Pour Aristote, dans la Politique (Manuel p. 347), la Cité-Etat est issue de la Nature (et non pas d'un contrat artificiel). Il y a un processus continu qui vient de la Famille, du Village jusqu'à la Cité. Il y a toujours des gouvernants et des gouvernés mais en même temps, ce n’est qu’une analogie : la Cité ne se gouverne pas comme une famille. La Cité est une fin naturelle qui a atteint l'indépendance ou autosuffisante (autarcie). Elle est formée à cause d'intérêts (pour les besoins économiques) mais elle existe ensuite pour bien vivre (non pas seulement vivre mais aussi avoir « l'amitié » et le bonheur). Toute la théorie d'Aristote est un finalisme. La fin est l'état de perfection ou d'accomplissement vers lequel tend un être. La Cité n'est pas composée par assemblée d'individus mais elle est antérieure aux citoyens, comme les organes supposent déjà l'organisme complet dans lesquels ils s'associent (p. 362). L'homme est par nature un « animal politique ». Celui qui vit sans l'Etat n'est plus vraiment un animal, encore plus qu'un animal social et grégaire. « La nature ne fait rien en vain, et l'homme seul de tous les animaux possède la parole. » L'homme peut délibérer et discuter de politique grâce au langage.

I.2) L'homme est-il sociable par nature ?

L'homme est-il vraiment « par nature sociable » ? Hobbes disait qu'il était par nature au contraire insociable mais que cela le conduit donc à passer à la société, pour éviter la guerre et pour accéder à des droits positifs comme la protection de la propriété privée. Rousseau disait dans son modèle d'état de nature que l'homme n'est pas encore sociable et qu'il peut se disperser mais qu'il est fait pour se moraliser dans la vie sociale (cf. Du Contrat social, I, 7-8).

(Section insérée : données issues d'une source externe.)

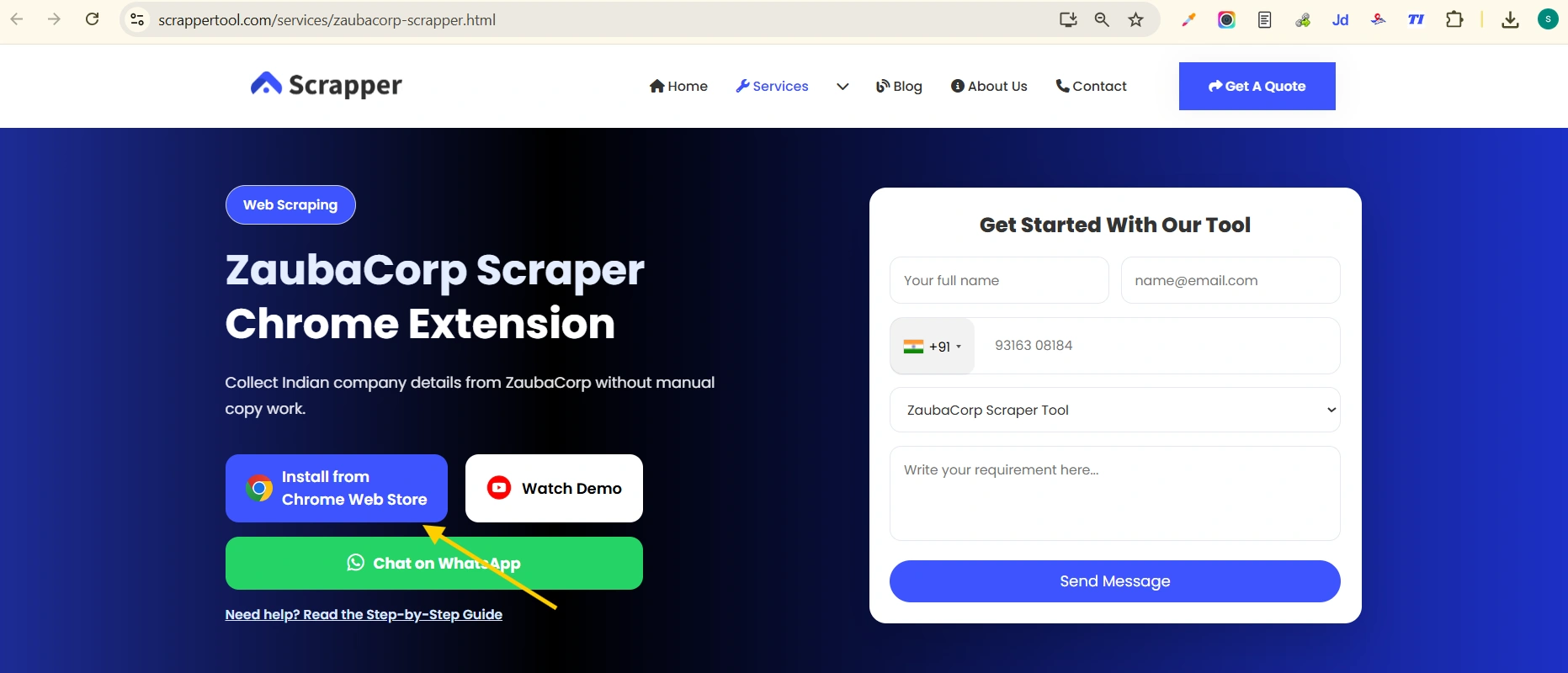 Zauba Corp Scrappper Tool Web PAge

Kant, dans Idée d'une histoire universelle au point de vue cosmopolitique (1784) dit que la nature a mis en l'homme un antagonisme contradictoire « l'insociable sociabilité » (Manuel p. 64) : pas assez sociable pour vivre en paix mais trop pour vivre isolé, ces conflits nous conduit à la société pour surmonter les conflits (cf. Schopenhauer p. 349 la fable des « porcs-épics »). L’homme a besoin de « chef », d’une autorité, parce qu’il ne suit pas assez sa raison pour se passer d’une autorité de coercition (l’anarchie ne serait possible que pour des bêtes en dessous de nous ou au contraire pour des êtres supérieurs à nous), mais en même temps il doit être autonome et ne doit donc pas avoir de despote (cf. Idée d’une histoire, VI, l’homme est un animal qui a besoin d’un maître, il est fait d’un tel bois tordu qu’on ne peut en tirer rien de droit).

I.3) La société contre l’Etat

Cela ne signifie pas que l’homme soit nécessairement fait pour l’Etat. Il faut distinguer la question de l’origine des sociétés et l’origine de l’Etat, l’association et le gouvernement.

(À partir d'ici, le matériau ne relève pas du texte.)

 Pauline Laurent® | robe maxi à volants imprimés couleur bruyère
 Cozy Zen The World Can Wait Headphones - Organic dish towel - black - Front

Exemples de société sans Etat chez l’anthropologue Pierre Clastres, La société contre l'Etat p. 352 : ces sociétés n'ont pas la structure économique pour permettre l'émergence de l'Etat (d'une institution séparée au-dessus de la société), elles cherchent même à l'empêcher. Ce ne serait que par ethnocentrisme que nous pensons que l’Etat avec sa bureaucratie est une fin de toute société. Les théories de l'origine de la société et de l'Etat supposent souvent un mouvement continu, que ce soit par un Contrat ou non, mais l’anthropologie montre que cette évolution introduit en fait des ruptures.

Mais même si l’Etat n’était pas une nécessité historique absolue, ne peut-on justifier sa rationalité ?)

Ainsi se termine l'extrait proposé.